Using snapshoots is no stupid thinks in my opinion. If you think that I
think the only stupid are your opinion.

So, enough bashing. Please stay on a objective level as this is a
critical bug in a core component which is proven to exists for many
people! Please help fixing it and do not play just with the severity!

> And for now I consider taking snapshots of / or /var as stupid, because
> it is impossible to recover if something goes wrong.

The braking happens with several lvs I had this some time with /usr some
time with /home and only one time with /var.

However snapshoting /var wasn't a problem in the past and is the
desired use of them too (also if you do not think so, but this is your
opinion!).

And I do not use snapshots for / but for another reason. I do not have
/ in lvm at all.

Ah, yes, and why do you think should /var be broken when using
snapshots? Just the snapshot might be broken. But as it is necessary to
reboot the system anyway this can be fixed easily after the boot the
same way as fixing a broken snapshot of /usr or /home. And with your
opinion it would be more stupid to use snapshots with /home cause the
most vitally data is in /home, not in /var. So, following your opinion
using snapshots at all is stupid. Please consider not to name other
people stupid.

> And without a working filesystem on this locations, the system will
> just block. It may work, but it also may break horrible as the kernel
> interface does not allow to do this change atomic.

That's wrong assuming. It was working well with lvm1 and (as I know now)
also with lvm2 up to the version in etch.

> >                         Also I add debian-devel to Cc as the bug is very
> > problematic and I wonder how lvm2 was able to get into lenny with that
> > big problem!
> 
> We have many software who only works for most but not for all people.

So the software is not buggy if it just works for the most people?

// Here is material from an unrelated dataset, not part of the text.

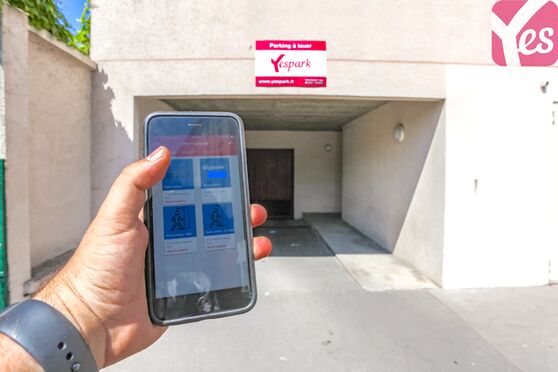 Vignette parking Métro Sans Souci - Lyon 8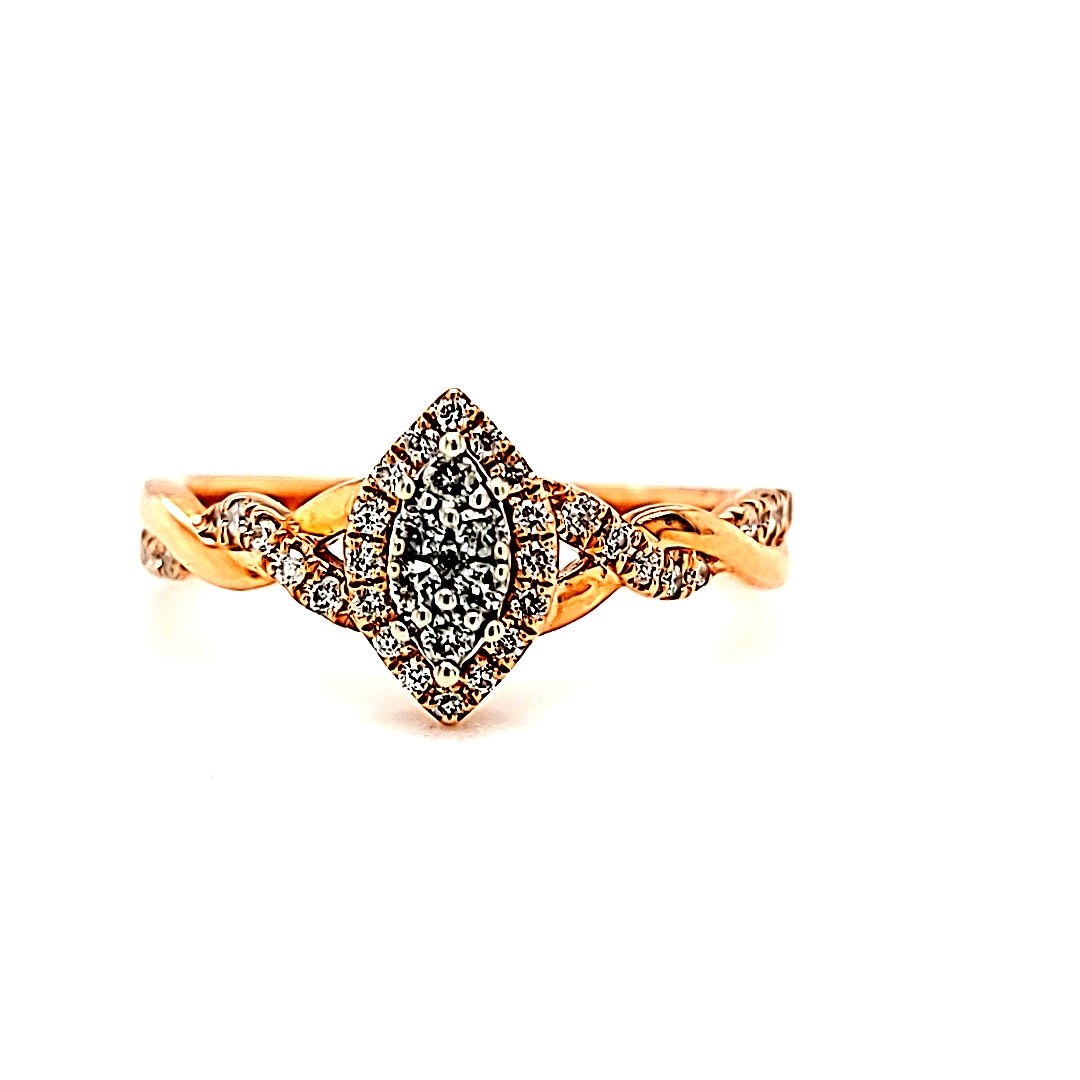 14KR Marquis Diamond Cluster Ring 32 stones .25CTTW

> > Also I am willing to help solving the bug. My next step will be to
> > import the whole version history to git and try to besect the problem.
> 
> Why do you think this would be a problem of the userspace part?

Cause just downgrading the userspace tools to 2.02.06-4etch1 fix the
bug!

I also first think of a kernel bug and, as I wrote in my mail, I did
update the kernel to the latest release to see if the bug still
persists before searching for other reasons.

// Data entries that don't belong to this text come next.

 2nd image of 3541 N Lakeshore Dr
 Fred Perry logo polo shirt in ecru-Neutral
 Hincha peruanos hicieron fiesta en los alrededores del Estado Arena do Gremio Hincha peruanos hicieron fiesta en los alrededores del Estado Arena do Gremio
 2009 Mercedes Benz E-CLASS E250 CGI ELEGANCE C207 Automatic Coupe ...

> > So this bug is a complete show stopper for lenny!!!!
> 
> If you want to help you can provide the following information when it
> goes wrong:
> - "uname -a"

I just did that, the last available kernel release:
Linux ikki 2.6.28.7 #1 Sun Mar 1 13:03:56 CET 2009 i686 GNU/Linux

> - "dmesg"

Unhelpful as the system is booted new now.

> - "dmsetup table"
 ~> dmsetup table
 sysvg-lv_usr: 0 14024704 linear 9:0 97714560
 sysvg-lv_usr: 14024704 2752512 linear 9:0 65920
 sysvg-lv_var: 0 4194304 linear 9:0 2818432
 sysvg-lv_mirror: 0 117440512 linear 9:0 126615936
 sysvg-lv_local: 0 16777216 linear 9:0 7012736
 sysvg-lv_home: 0 73924608 linear 9:0 23789952
 sysvg-lv_home: 73924608 14155776 linear 9:0 111739264
 sysvg-lv_misc: 0 167772160 linear 9:0 244056448
 sysvg-lv_sec: 0 585826304 linear 9:2 65920
 sysvg-lv_sec: 585826304 22347776 linear 9:0 411828608
 sysvg-lv_hathi: 0 720896 linear 9:0 125895040


> - "cat /proc/mounts"
 ~> cat /proc/mounts 
 rootfs / rootfs rw 0 0
 /dev/root / xfs rw,noatime,nodiratime,noquota 0 0
 tmpfs /lib/init/rw tmpfs rw,nosuid,mode=755 0 0
 proc /proc proc rw,nosuid,nodev,noexec 0 0
 sysfs /sys sysfs rw,nosuid,nodev,noexec 0 0
 tmpfs /dev tmpfs rw,size=10240k,mode=755 0 0
 tmpfs /dev/shm tmpfs rw,nosuid,nodev 0 0
 devpts /dev/pts devpts rw,nosuid,noexec,gid=5,mode=620 0 0
 fusectl /sys/fs/fuse/connections fusectl rw 0 0
 usbfs /proc/bus/usb usbfs rw 0 0
 tmpfs /tmp tmpfs rw,nosuid,nodev 0 0
 /dev/mapper/sysvg-lv_usr /usr xfs rw,noatime,nodiratime,nobarrier,noquota 0 0
 /dev/mapper/sysvg-lv_var /var reiserfs rw,noatime,nodiratime 0 0
 /dev/mapper/sysvg-lv_local /usr/local xfs rw,noatime,nodiratime,nobarrier,noquota 0 0
 /dev/mapper/sysvg-lv_home /home reiserfs rw,nosuid,nodev,noatime,nodiratime 0 0
 /dev/mapper/sysvg-lv_misc /misc xfs rw,nosuid,noatime,nodiratime,nobarrier,noquota 0 0
 /dev/mapper/sysvg-lv_sec /misc/.sec xfs rw,nosuid,nodev,noatime,nodiratime,nobarrier,noquota 0 0
 /dev/mapper/sysvg-lv_mirror /mirror xfs rw,nosuid,nodev,noatime,nodiratime,nobarrier,noquota 0 0
 tmpfs /media tmpfs rw,nosuid,nodev,noexec,mode=755 0 0
 /dev/mapper/sysvg-lv_hathi /hathi ext2 ro,errors=continue 0 0
 rpc_pipefs /var/lib/nfs/rpc_pipefs rpc_pipefs rw 0 0
 nfsd /proc/fs/nfsd nfsd rw 0 0
 binfmt_misc /proc/sys/fs/binfmt_misc binfmt_misc rw,nosuid,nodev,noexec 0 0

The rest is private information (fuse filesytems).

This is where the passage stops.